Roma, 29 apr. (askanews) – Italia e Svizzera a confronto sulle regole a tutela del “Made in” e dei relativi marchi collegati. Da un lato l’agilità operativa della Confederazione elvetica, ovviamente padrona di normare la questione in piena autonomia. Un quadro che l’Italia guarda magari con una certa invidia, dovendosi muovere su binari europei alla ricerca di compromessi non facili con altri Stati, che magari non hanno le stesse priorità e che in concreto ha significato non riuscire a chiudere una revisione delle regole nemmeno durante il semestre italiano di presidenza dell’Unione. Ma che superati gli ostacoli consente, almeno in teoria, di estendere le tutele a tutto il territorio comunitario. Se ne è parlato ad un convegno organizzato a Roma dall’ambasciata di Svizzera.

Relatore principale è stato il professore Felix Addor, direttore dell’ufficio federale svizzero di tutela delle proprietà intellettuali. “Il valore aggiunto legato al marchio Swiss Made varia dall’1-2 per cento dei macchinari, comunque significativo quando rapportato ai loro volumi di export, al 20 per cento dei prodotti tipici a fino oltre il 40 per cento dei beni di lusso”, ha spiegato. “Il marchio Svizzera gode di una reputazione molto solida, quindi si traduce in valore aggiunto per chi lo usa e in quanto tale va protetto”.

La Svizzera quindi ha elaborato una nuova normativa che prevede diversi requisiti su 4 grandi raggruppamenti di attività. Le imprese devono rispettare questi parametri per potersi fregiare della denominazione “Swiss made” e dell’ancor più riconoscibile croce svizzera, bianca su sfondo rosso. Prevedono ad esempio l’obbligatorietà dell’origine elvetica sulle materia prima con soglie variabili, a seconda della disponibilità pratica di un bene nella stessa Confederaizone. Ad esempio si va dal 100 per cento di latte svizzero per i formaggi, a frazioni meno elevate su beni che necessariamente vanno almeno in parte reperiti all’estero.
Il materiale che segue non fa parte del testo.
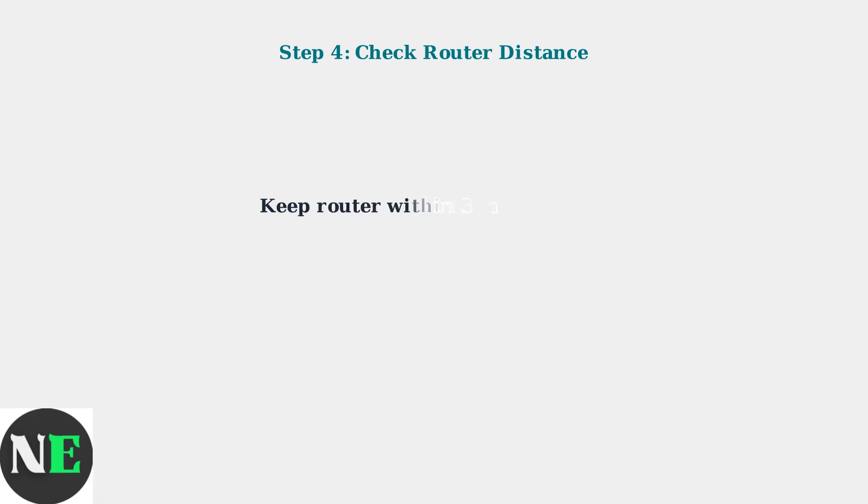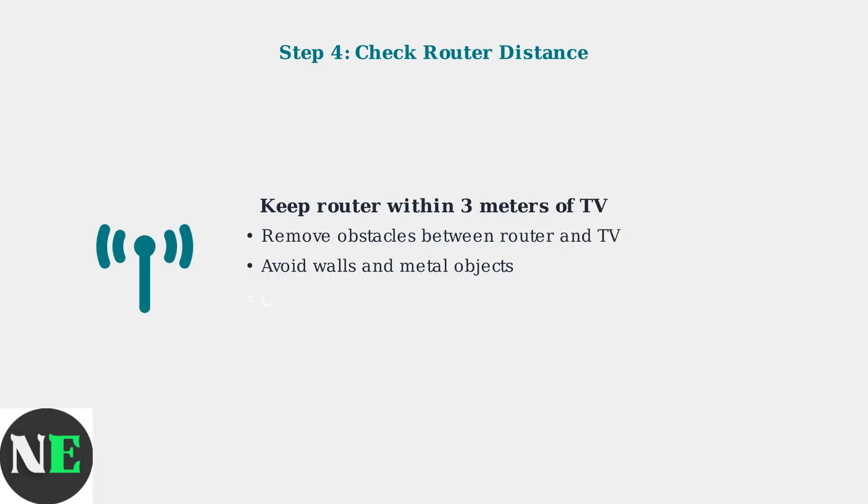Make sure your router is within a reasonable distance, ideally less than three meters from the TV. Remove obstacles between the router and TV and avoid walls and metal objects that can interfere with the signal.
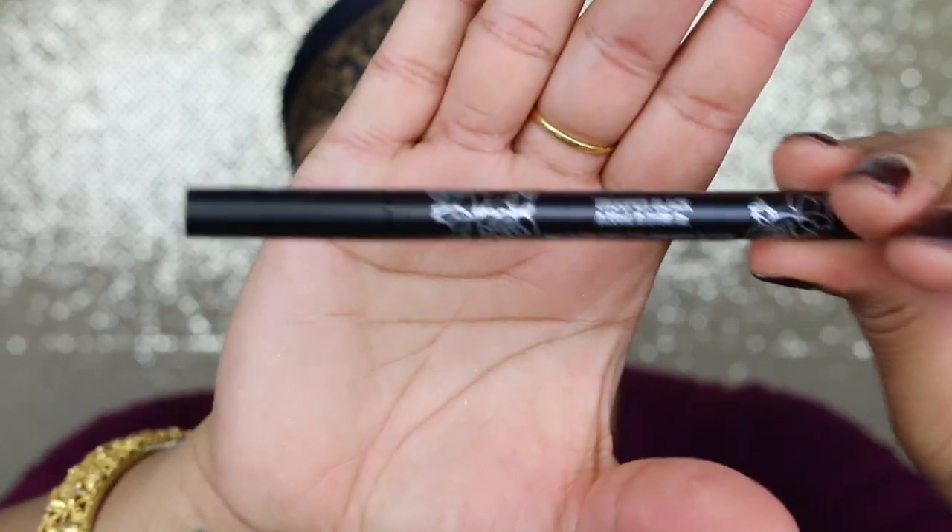Now I'm just going to use Kat Von D's Tattoo Liner in Trooper Black, and I'm just going to line half. I'm not going to do any wings, just a plain simple one.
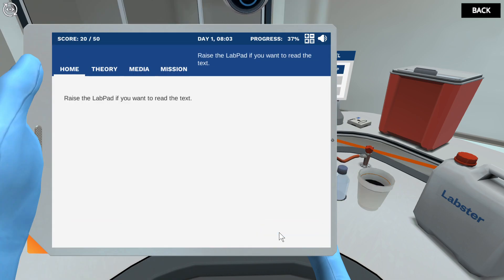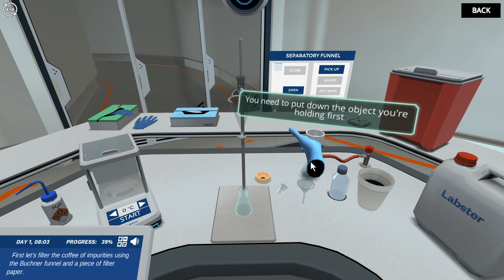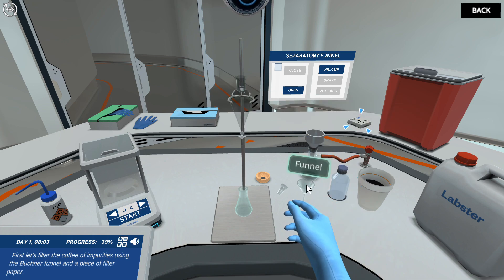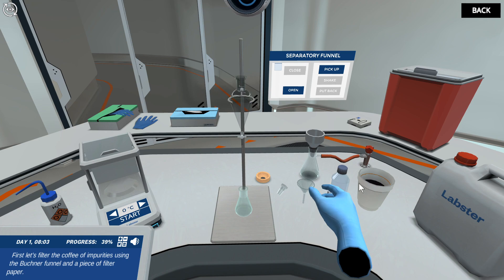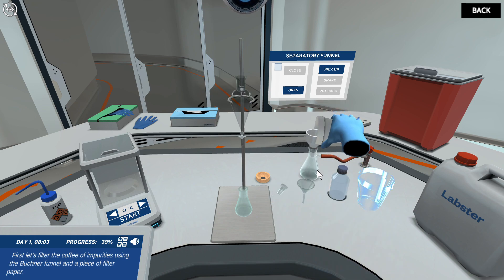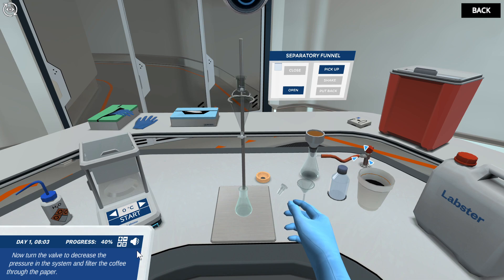First, let's filter the coffee of impurities using the Buchner funnel and a piece of filter paper. Now turn the valve to decrease the pressure in the system and filter the coffee through the paper.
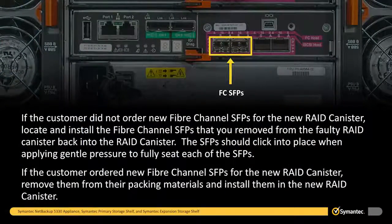If the customer did not order new fiber channel SFPs for the new RAID canister, locate and install the fiber channel SFPs that you removed from the faulty RAID canister back into the new RAID canister. The SFPs should click into place when applying gentle pressure to fully seat each of the SFPs. If the customer ordered new fiber channel SFPs for the new RAID canister, remove them from their packing materials and install them in the new RAID canister.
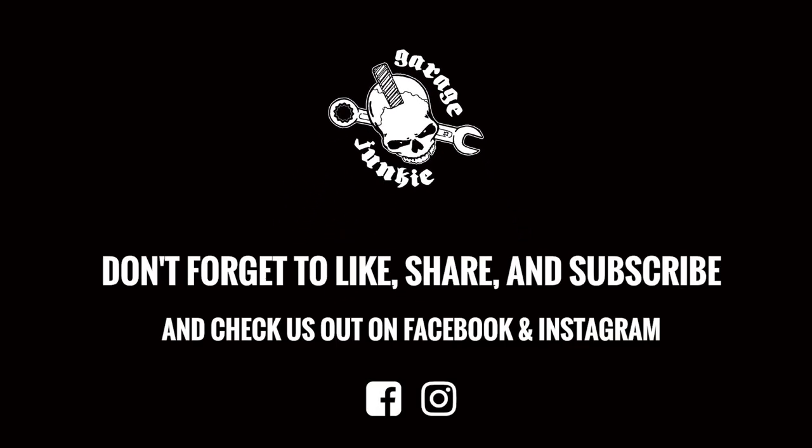Go hit that like button, make sure you subscribe and comment and share with your friends. You can also check out our website at garagejunkieapparel.com — we have all our shirts available for purchase. We'll see you next week.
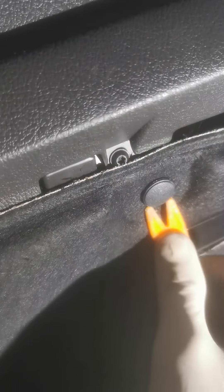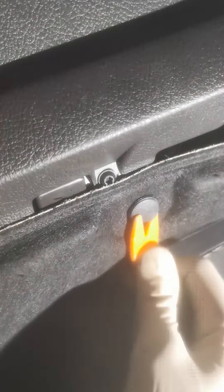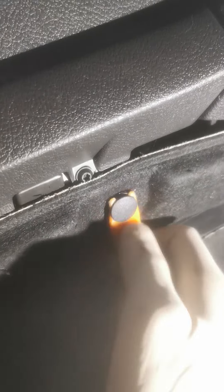There's a cover there, got to remove this first. Easy. There's metal there. One, two — there you go.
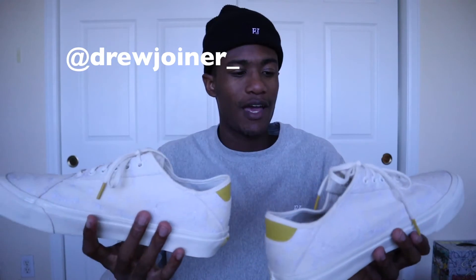Follow me on Instagram if you want to see me style these in more outfits — at Drew Joiner underscore. But other than that, I'm loving these shoes. I can't wait to rock these all of fall and winter. I wear Vans in the winter as long as it doesn't snow too much. Anyways, we'll see y'all in the next video. Have a blessed rest of your day — hope you guys got some value from this content. Peace out.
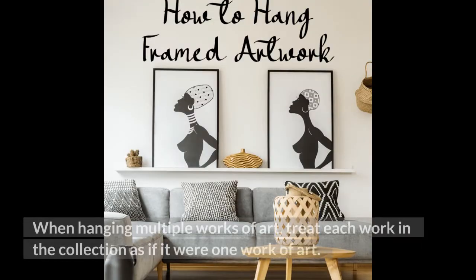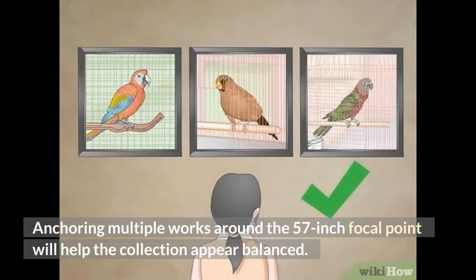When hanging multiple works of art, treat each work in the collection as if it were one work of art. Anchoring multiple works around the 57-inch focal point will help the collection appear balanced.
Alcune imprese possono trovarsi in difficoltà con i nuovo parametri. Ma “dobbiamo distinguere l’interesse delle aziende, che magari sono in affanno per rispettare le soglie, dall’interesse di tutti i consumatori che pagano per il marchio Svizzera”, ha spiegato Addor.

Secondo Claudio Marenzi, presidente di Sistema Moda Italia di Confindustria, l’Italia invece deve confrontarsi sulla questione “con una Europa spaccata in due. Da un lato i Paesi manifatturieri”, favorevoli a tutelare i marchi, dall’altro quelli che invece non hanno o non hanno più una forte manifattura e sono molto meno disposti ad appoggiare politiche energiche su questo fronte. Ne deriva una mancanza di chiarezza che per la Penisola si traduce in 70-100 mila posti di lavoro i meno, con la contraffazione che ha un valore stimato di 7 miliardi di euro l’anno, ha detto Marenzi, di cui il 70 per cento nell’abbigliamento.
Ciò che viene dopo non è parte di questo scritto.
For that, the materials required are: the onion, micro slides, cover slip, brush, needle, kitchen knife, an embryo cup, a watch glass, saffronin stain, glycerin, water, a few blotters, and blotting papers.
“Italia E Svizzera sono entrambi Paesi con molti marchi forti”, ha osservato l’ambasciatore Giancarlo Kessler, ricordando come gli orologiai della Confederazione già a metà ‘800 si ponessero il problema di come tutelarsi dalla contraffazione.
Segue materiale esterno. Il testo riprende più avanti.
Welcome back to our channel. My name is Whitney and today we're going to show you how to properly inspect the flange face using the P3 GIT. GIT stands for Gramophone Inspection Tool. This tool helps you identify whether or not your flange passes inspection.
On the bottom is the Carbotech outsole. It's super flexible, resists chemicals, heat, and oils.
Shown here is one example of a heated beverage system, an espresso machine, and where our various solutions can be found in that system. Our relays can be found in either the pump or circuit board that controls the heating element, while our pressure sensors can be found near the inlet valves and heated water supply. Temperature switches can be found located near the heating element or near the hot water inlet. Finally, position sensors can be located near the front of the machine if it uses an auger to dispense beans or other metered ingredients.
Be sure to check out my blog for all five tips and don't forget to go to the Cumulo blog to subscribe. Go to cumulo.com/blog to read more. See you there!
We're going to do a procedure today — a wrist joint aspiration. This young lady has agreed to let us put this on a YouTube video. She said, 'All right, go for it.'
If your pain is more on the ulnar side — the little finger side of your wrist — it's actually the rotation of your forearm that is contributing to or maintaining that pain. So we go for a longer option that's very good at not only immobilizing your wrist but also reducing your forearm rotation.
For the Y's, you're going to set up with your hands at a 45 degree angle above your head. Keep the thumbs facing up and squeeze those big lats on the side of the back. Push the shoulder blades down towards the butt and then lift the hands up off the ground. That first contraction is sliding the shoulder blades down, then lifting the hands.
E proprio dagli orologiai svizzeri vengono proposte delle ricette di azione, tramite il presidente della loro federazione Jean-Daniel Pasche: “Innanzitutto bisogna prendere contatto con le autorità dei Paesi” da cui arriva la contraffazione, magari impiantando uffici locali. “Secondo bisogna collaborare con le autorità. Terzo – ha spiegato – bisogna organizzare programmi di formazione per le forze dell’ordine e il personale coinvolto nella lotta alla contraffazione” in tutte le aree in cui si effettua l’azione di contrasto. “Qui non si tratta di fare protezionismo – ha voluto puntualizzare Addor, in conclusione – si vuole semplicemente definire chi può usare il valore aggiunto di un nome”, che ha una sua territorialità.